弱さがくれた理由
ひととおりの話が終わったところで……おれは、残ったもうひとつの質問を、彼女に投げかけた。
「コニィ。今の話からして、君は……残って戦う、のか?」
「……ええ。エルザのこともあるし、赤牙のみんなの力にもなりたい。それに、リグバルドとの戦いは……放置すれば、どれだけの命が奪われるか分からないもの。だったら、私は逃げられない。ううん……逃げたくないの」
「そう、か……」
話の流れを考えれば、分かりきった答えだったかもしれない。それでも、その答えを聞いたとき、胸の中に針が刺さったような感覚もあった。

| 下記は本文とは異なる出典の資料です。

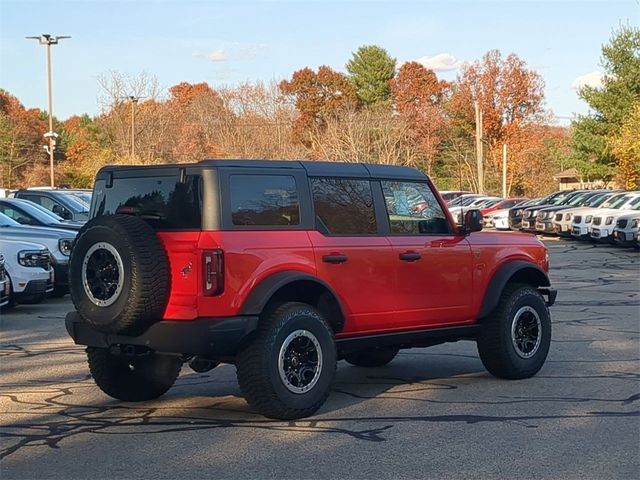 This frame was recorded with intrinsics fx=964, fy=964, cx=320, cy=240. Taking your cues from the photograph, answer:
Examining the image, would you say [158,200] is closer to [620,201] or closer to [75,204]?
[75,204]

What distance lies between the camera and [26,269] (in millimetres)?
14172

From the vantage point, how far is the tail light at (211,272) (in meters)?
6.84

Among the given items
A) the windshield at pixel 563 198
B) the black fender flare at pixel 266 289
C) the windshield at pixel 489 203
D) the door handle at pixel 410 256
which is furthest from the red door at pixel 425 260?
the windshield at pixel 489 203

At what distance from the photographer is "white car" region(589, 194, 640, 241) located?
29.4m

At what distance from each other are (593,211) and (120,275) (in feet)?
88.2

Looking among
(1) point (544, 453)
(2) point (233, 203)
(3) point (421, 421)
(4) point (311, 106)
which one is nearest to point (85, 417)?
(2) point (233, 203)

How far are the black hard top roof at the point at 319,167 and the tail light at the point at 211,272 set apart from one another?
28.9 inches

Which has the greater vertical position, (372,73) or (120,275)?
(372,73)

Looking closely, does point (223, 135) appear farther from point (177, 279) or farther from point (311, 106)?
point (177, 279)

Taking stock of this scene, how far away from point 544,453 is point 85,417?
3.46m

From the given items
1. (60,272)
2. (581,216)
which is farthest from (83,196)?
(581,216)

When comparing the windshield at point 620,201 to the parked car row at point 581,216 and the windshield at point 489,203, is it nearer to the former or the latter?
the parked car row at point 581,216

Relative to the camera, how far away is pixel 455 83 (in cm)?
6234

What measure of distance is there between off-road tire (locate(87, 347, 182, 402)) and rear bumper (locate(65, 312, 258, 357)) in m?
0.93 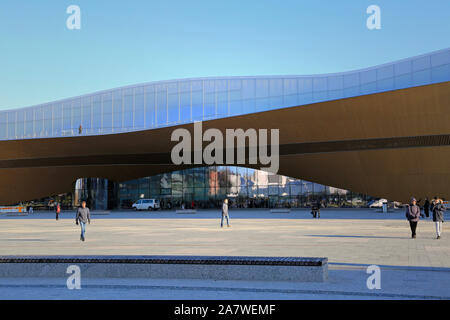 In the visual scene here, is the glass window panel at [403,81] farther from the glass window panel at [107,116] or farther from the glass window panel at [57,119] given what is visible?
the glass window panel at [57,119]

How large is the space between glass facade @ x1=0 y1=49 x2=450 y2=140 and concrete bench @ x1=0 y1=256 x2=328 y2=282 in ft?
96.0

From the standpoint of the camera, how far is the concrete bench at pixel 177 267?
798 cm

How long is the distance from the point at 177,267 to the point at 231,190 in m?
46.9

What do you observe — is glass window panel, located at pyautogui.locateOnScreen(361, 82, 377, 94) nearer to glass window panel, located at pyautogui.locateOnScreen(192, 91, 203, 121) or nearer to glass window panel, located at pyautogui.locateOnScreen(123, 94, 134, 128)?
glass window panel, located at pyautogui.locateOnScreen(192, 91, 203, 121)

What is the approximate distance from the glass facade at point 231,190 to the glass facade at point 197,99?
10.9m

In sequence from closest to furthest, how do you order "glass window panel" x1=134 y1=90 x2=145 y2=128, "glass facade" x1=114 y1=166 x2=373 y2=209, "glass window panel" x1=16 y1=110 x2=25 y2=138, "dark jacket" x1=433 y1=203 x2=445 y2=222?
"dark jacket" x1=433 y1=203 x2=445 y2=222
"glass window panel" x1=134 y1=90 x2=145 y2=128
"glass facade" x1=114 y1=166 x2=373 y2=209
"glass window panel" x1=16 y1=110 x2=25 y2=138

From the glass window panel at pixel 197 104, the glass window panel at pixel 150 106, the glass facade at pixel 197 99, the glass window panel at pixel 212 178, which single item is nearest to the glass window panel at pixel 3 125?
the glass facade at pixel 197 99

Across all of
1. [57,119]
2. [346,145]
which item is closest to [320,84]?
[346,145]

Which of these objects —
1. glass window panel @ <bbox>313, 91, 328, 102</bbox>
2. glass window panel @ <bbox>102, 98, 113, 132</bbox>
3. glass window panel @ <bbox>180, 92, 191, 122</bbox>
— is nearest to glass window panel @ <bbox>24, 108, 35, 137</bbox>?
glass window panel @ <bbox>102, 98, 113, 132</bbox>

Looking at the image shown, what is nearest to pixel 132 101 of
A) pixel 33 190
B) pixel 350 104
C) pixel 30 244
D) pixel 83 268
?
pixel 33 190

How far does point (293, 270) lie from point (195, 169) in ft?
161

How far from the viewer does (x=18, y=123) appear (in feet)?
174

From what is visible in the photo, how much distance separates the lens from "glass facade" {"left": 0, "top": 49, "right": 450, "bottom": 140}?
3578cm

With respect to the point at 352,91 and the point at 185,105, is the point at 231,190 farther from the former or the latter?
the point at 352,91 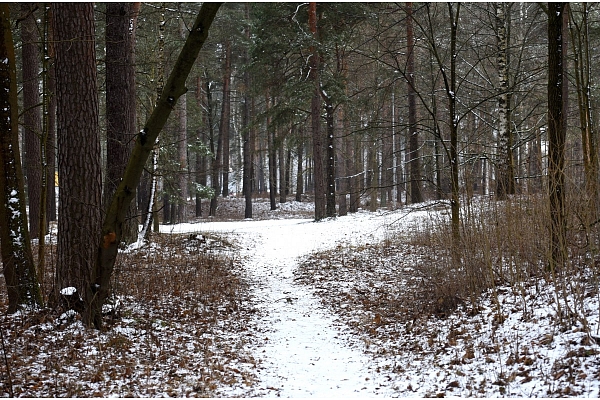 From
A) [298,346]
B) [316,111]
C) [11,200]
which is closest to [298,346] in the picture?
[298,346]

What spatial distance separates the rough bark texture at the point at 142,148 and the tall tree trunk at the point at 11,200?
108 centimetres

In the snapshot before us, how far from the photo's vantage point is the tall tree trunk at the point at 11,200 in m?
5.91

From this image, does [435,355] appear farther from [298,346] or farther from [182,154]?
[182,154]

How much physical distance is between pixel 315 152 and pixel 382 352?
44.8 ft

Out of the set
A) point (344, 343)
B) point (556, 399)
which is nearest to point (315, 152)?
point (344, 343)

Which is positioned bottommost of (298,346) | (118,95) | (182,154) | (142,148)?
(298,346)

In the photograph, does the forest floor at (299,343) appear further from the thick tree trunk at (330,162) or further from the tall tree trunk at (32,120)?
the thick tree trunk at (330,162)

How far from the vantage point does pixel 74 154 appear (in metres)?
6.13

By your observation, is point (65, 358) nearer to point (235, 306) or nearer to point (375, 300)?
point (235, 306)

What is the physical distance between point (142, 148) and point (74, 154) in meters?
1.51

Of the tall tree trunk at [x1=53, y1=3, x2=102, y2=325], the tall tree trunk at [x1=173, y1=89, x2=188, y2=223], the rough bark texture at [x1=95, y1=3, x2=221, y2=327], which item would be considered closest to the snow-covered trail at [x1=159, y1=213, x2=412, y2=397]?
the rough bark texture at [x1=95, y1=3, x2=221, y2=327]

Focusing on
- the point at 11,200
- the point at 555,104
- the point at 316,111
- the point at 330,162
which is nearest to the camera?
the point at 11,200

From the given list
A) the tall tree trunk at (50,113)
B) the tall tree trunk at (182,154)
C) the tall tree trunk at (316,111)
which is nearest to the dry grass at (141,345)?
the tall tree trunk at (50,113)

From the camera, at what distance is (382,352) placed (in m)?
5.76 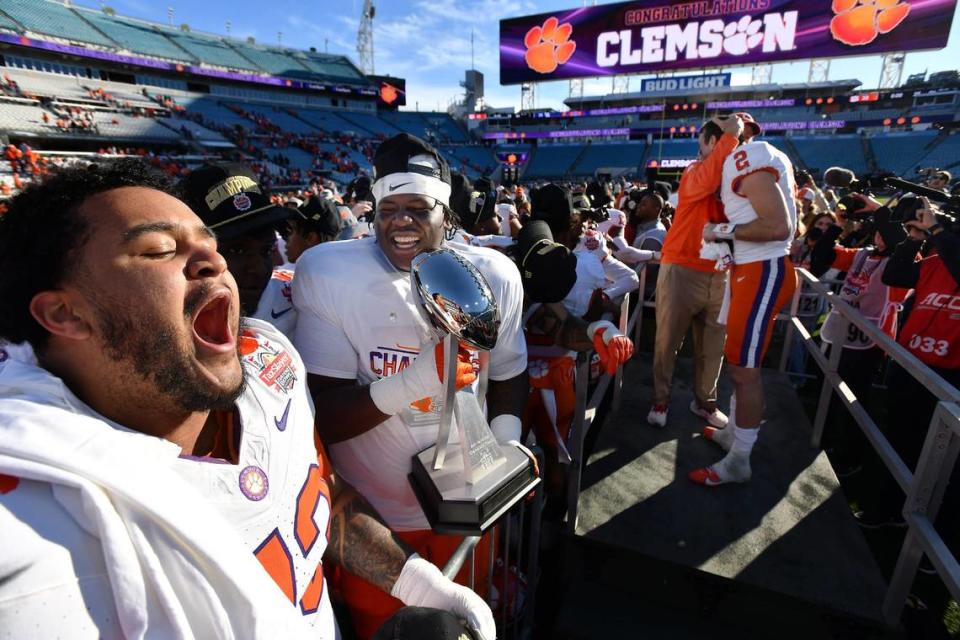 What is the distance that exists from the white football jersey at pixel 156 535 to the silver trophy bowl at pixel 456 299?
517mm

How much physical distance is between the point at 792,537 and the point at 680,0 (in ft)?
142

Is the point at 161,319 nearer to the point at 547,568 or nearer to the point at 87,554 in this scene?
the point at 87,554

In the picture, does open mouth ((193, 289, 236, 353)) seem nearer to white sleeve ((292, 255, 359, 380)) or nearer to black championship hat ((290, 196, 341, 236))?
white sleeve ((292, 255, 359, 380))

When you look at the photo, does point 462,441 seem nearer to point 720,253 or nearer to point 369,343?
point 369,343

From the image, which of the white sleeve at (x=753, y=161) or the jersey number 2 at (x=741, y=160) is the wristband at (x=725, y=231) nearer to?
the white sleeve at (x=753, y=161)

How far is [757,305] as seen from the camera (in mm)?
2797

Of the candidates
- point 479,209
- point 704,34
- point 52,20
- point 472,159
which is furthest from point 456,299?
point 472,159

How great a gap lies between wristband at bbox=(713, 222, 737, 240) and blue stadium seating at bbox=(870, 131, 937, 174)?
162ft

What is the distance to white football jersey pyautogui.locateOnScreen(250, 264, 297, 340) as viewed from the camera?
187 cm

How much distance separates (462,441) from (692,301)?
277cm

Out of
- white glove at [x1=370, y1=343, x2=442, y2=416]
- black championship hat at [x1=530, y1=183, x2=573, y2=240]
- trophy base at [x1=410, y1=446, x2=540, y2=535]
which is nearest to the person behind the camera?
trophy base at [x1=410, y1=446, x2=540, y2=535]

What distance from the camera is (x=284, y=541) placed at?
3.58 ft

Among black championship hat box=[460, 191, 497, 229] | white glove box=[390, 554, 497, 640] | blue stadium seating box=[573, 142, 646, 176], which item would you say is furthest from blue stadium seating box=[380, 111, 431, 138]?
white glove box=[390, 554, 497, 640]

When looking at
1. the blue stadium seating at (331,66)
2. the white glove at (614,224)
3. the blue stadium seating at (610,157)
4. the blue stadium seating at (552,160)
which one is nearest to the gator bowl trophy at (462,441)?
the white glove at (614,224) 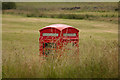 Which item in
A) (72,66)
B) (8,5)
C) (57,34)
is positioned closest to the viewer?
(72,66)

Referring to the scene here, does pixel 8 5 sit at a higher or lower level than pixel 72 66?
higher

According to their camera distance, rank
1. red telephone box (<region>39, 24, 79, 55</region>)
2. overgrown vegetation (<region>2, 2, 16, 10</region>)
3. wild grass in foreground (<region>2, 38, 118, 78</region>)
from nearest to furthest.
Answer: wild grass in foreground (<region>2, 38, 118, 78</region>) → red telephone box (<region>39, 24, 79, 55</region>) → overgrown vegetation (<region>2, 2, 16, 10</region>)

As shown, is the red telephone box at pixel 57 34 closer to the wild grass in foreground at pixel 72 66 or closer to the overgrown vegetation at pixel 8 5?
the wild grass in foreground at pixel 72 66

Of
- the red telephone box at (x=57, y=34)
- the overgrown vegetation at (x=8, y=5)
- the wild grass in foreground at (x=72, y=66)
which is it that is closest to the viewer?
the wild grass in foreground at (x=72, y=66)

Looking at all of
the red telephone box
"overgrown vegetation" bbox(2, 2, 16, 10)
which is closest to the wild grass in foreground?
the red telephone box

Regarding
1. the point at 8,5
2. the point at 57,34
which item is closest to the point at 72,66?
the point at 57,34

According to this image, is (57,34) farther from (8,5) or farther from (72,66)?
(8,5)

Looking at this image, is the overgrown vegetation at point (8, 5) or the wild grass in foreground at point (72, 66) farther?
the overgrown vegetation at point (8, 5)

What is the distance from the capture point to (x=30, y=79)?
384cm

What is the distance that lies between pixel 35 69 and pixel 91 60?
3.60 ft

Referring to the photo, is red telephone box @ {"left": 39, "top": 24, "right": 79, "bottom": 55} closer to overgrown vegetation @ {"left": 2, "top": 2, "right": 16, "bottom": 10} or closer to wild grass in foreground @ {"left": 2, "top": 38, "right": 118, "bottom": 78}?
wild grass in foreground @ {"left": 2, "top": 38, "right": 118, "bottom": 78}

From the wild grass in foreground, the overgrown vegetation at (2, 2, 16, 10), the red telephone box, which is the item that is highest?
A: the overgrown vegetation at (2, 2, 16, 10)

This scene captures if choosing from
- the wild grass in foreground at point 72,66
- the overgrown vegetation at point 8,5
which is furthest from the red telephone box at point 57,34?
the overgrown vegetation at point 8,5

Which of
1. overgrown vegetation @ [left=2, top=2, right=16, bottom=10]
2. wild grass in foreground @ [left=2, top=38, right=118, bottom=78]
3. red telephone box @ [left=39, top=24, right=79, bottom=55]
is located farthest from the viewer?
overgrown vegetation @ [left=2, top=2, right=16, bottom=10] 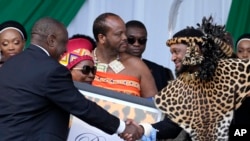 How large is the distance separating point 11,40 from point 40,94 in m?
1.54

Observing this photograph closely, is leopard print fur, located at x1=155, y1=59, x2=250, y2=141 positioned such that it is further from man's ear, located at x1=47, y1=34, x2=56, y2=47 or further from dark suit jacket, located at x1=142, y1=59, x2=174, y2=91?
dark suit jacket, located at x1=142, y1=59, x2=174, y2=91

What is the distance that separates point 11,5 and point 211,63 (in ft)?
10.9

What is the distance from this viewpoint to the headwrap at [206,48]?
5781mm

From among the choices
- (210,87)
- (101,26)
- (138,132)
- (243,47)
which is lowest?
(138,132)

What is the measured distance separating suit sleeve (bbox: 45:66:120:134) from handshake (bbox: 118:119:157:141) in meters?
0.16

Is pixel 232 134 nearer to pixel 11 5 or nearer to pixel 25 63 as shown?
pixel 25 63

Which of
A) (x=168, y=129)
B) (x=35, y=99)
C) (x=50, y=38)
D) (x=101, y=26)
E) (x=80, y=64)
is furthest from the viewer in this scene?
(x=101, y=26)

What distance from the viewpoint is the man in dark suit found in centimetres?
550

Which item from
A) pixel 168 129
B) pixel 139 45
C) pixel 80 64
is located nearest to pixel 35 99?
pixel 168 129

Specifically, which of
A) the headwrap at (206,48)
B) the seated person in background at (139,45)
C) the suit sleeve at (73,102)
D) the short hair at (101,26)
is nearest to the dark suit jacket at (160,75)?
the seated person in background at (139,45)

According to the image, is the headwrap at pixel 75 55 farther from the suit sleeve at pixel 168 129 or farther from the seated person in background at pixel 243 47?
the seated person in background at pixel 243 47

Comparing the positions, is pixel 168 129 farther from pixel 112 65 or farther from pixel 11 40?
pixel 11 40

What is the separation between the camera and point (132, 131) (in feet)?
19.6

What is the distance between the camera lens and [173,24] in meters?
8.60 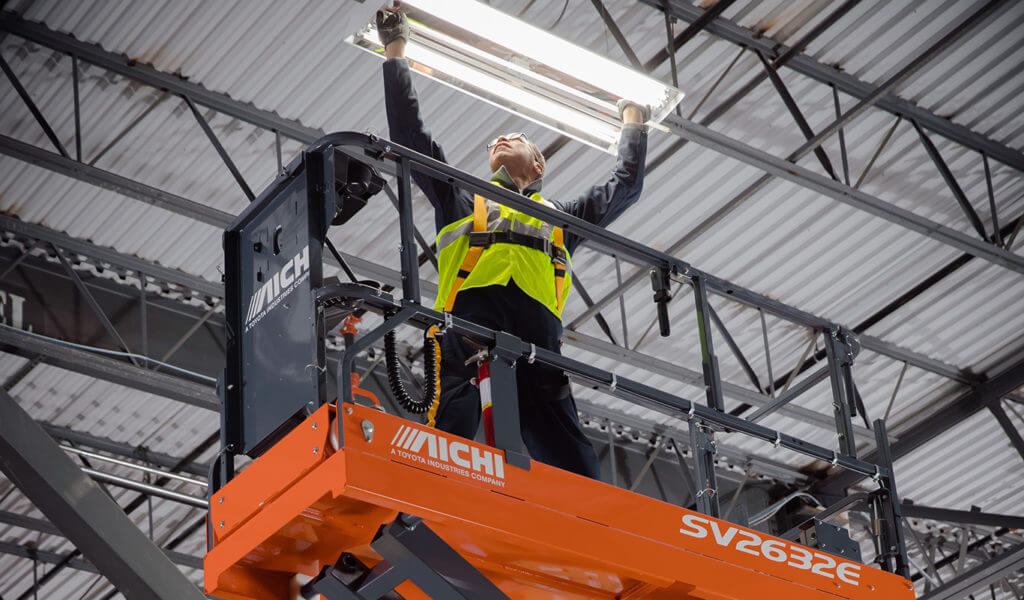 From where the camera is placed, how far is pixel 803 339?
1642cm

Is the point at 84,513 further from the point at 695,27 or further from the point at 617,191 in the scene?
the point at 695,27

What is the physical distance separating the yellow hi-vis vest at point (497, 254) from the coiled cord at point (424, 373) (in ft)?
3.26

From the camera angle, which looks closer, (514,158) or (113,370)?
(514,158)

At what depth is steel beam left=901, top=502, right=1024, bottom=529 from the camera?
16750 mm

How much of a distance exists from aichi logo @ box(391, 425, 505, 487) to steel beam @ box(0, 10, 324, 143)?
758 centimetres

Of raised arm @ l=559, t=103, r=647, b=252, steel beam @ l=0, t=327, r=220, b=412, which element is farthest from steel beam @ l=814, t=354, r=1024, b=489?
raised arm @ l=559, t=103, r=647, b=252

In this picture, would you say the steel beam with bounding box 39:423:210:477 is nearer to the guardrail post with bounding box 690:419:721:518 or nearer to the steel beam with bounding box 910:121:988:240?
the steel beam with bounding box 910:121:988:240

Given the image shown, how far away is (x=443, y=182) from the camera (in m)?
7.45

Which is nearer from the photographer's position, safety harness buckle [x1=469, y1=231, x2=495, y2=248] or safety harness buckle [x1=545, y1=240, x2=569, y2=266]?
safety harness buckle [x1=469, y1=231, x2=495, y2=248]

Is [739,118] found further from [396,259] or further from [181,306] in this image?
[181,306]

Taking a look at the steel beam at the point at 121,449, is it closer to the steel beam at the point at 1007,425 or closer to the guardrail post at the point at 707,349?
the steel beam at the point at 1007,425

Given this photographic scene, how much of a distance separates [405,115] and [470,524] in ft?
8.14

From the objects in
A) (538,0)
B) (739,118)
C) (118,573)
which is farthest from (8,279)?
(739,118)

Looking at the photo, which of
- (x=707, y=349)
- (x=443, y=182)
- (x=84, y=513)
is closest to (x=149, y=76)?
(x=84, y=513) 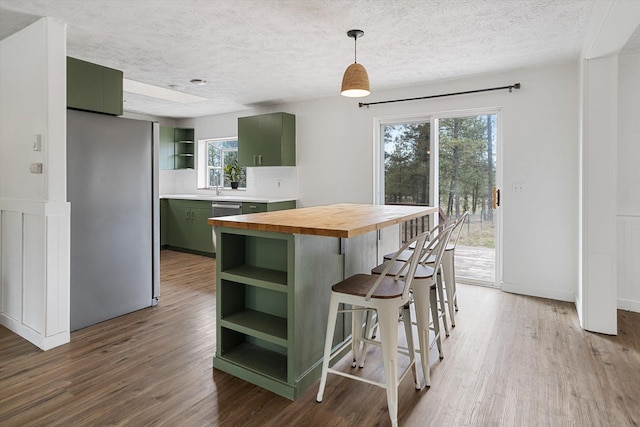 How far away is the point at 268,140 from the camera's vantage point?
521 cm

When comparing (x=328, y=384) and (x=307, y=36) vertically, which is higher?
(x=307, y=36)

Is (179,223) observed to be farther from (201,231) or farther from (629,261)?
(629,261)

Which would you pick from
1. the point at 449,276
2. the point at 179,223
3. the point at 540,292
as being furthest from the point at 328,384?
the point at 179,223

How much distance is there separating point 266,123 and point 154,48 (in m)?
2.15

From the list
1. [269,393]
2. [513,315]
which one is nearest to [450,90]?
[513,315]

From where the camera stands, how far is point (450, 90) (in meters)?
4.11

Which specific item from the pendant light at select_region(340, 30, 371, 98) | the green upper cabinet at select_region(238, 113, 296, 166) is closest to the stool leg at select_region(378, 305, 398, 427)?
the pendant light at select_region(340, 30, 371, 98)

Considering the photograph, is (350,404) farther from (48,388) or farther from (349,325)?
(48,388)

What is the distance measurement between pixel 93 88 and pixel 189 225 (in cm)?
312

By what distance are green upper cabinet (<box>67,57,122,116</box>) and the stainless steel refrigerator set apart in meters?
0.08

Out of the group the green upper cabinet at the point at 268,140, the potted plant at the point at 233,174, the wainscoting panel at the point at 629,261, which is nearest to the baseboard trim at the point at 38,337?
the green upper cabinet at the point at 268,140

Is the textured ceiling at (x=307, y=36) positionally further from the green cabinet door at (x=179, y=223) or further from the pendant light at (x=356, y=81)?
the green cabinet door at (x=179, y=223)

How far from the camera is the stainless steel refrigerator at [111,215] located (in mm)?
2848

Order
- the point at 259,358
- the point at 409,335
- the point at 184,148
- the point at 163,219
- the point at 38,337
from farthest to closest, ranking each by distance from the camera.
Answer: the point at 184,148 → the point at 163,219 → the point at 38,337 → the point at 259,358 → the point at 409,335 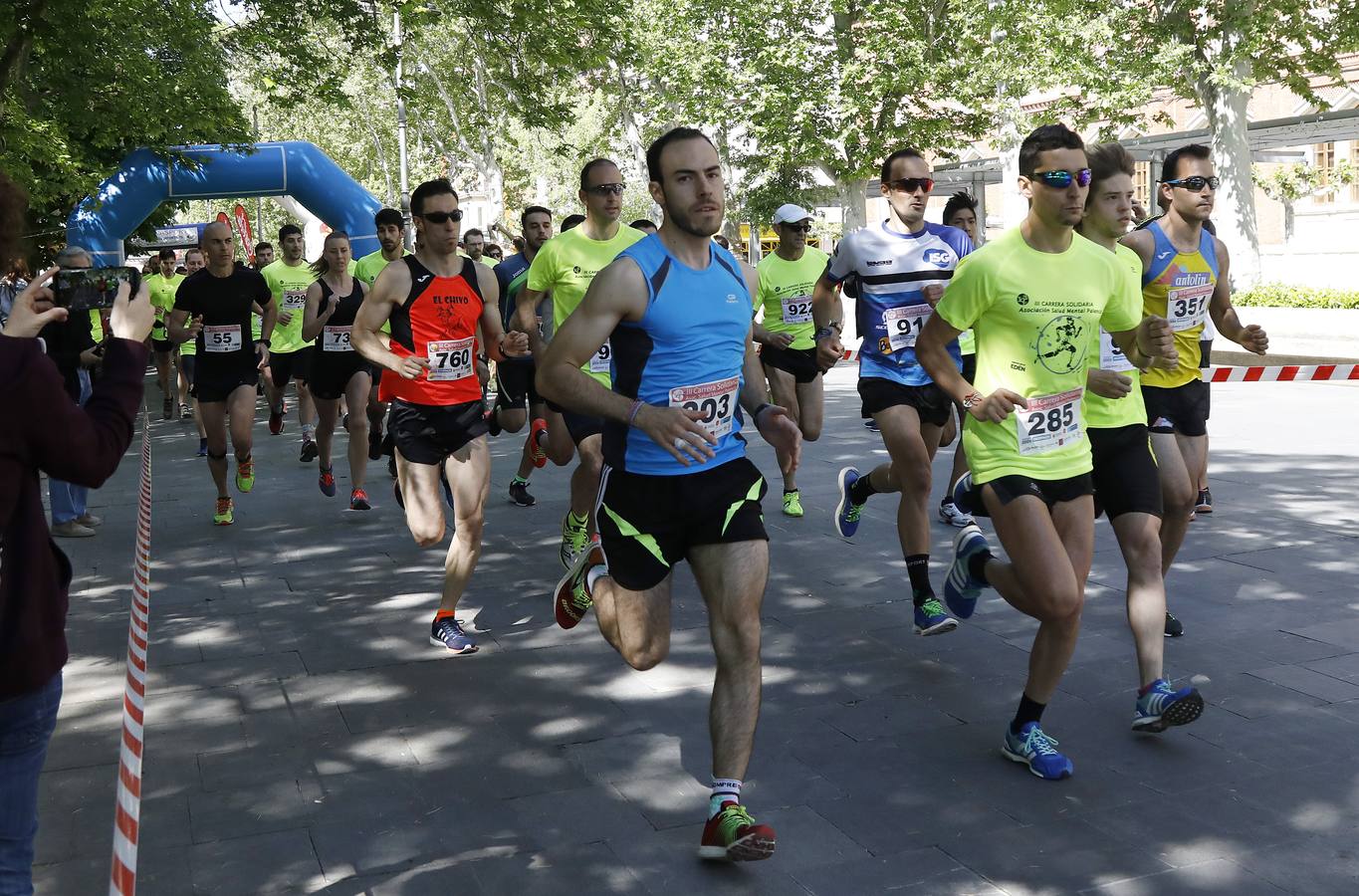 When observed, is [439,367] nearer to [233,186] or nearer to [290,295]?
[290,295]

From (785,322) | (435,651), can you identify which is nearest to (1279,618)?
(435,651)

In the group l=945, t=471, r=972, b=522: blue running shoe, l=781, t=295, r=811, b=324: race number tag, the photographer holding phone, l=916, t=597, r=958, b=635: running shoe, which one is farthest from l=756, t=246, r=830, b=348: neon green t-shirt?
the photographer holding phone

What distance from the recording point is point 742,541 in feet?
13.9

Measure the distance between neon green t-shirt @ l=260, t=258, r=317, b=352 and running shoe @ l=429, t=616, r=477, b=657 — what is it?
7524 mm

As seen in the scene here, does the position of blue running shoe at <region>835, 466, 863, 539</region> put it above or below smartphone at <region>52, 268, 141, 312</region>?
below

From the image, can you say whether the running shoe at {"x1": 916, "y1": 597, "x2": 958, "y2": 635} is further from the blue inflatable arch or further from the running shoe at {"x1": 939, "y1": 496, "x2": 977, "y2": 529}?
the blue inflatable arch

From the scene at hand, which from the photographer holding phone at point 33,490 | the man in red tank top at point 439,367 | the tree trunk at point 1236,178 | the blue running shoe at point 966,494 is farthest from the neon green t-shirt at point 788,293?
the tree trunk at point 1236,178

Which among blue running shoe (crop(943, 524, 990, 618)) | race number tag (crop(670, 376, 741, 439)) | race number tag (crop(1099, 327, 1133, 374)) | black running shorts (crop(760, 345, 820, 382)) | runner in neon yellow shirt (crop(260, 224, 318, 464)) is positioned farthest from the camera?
runner in neon yellow shirt (crop(260, 224, 318, 464))

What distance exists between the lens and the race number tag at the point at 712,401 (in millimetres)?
4383

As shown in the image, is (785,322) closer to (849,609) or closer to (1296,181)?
(849,609)

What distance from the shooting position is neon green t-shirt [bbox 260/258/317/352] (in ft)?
44.1

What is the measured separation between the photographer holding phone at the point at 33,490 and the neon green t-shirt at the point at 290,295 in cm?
1065

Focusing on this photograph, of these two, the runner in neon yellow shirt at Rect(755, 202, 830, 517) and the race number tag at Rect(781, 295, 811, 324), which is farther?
the race number tag at Rect(781, 295, 811, 324)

そんなことをしないでほしいって、彼女がこれ以上を背負う必要はないって、そう感じるおれがいる。
……どの立場で? おれは、自分が戦うかどうかすら、決めきれていない。おれより強くて、おれより覚悟を決めてる彼女に、同情なんてできる立場か?
いや。違う。どんな立場かと、この気持ちは……関係ないだろ。
逆だ。この気持ちで、おれは……何をする? 何を、選ぶんだ? 彼女やみんなを止めるのだって、選択肢のひとつだ。それがどんな意味かを選ぶのは、おれじゃない。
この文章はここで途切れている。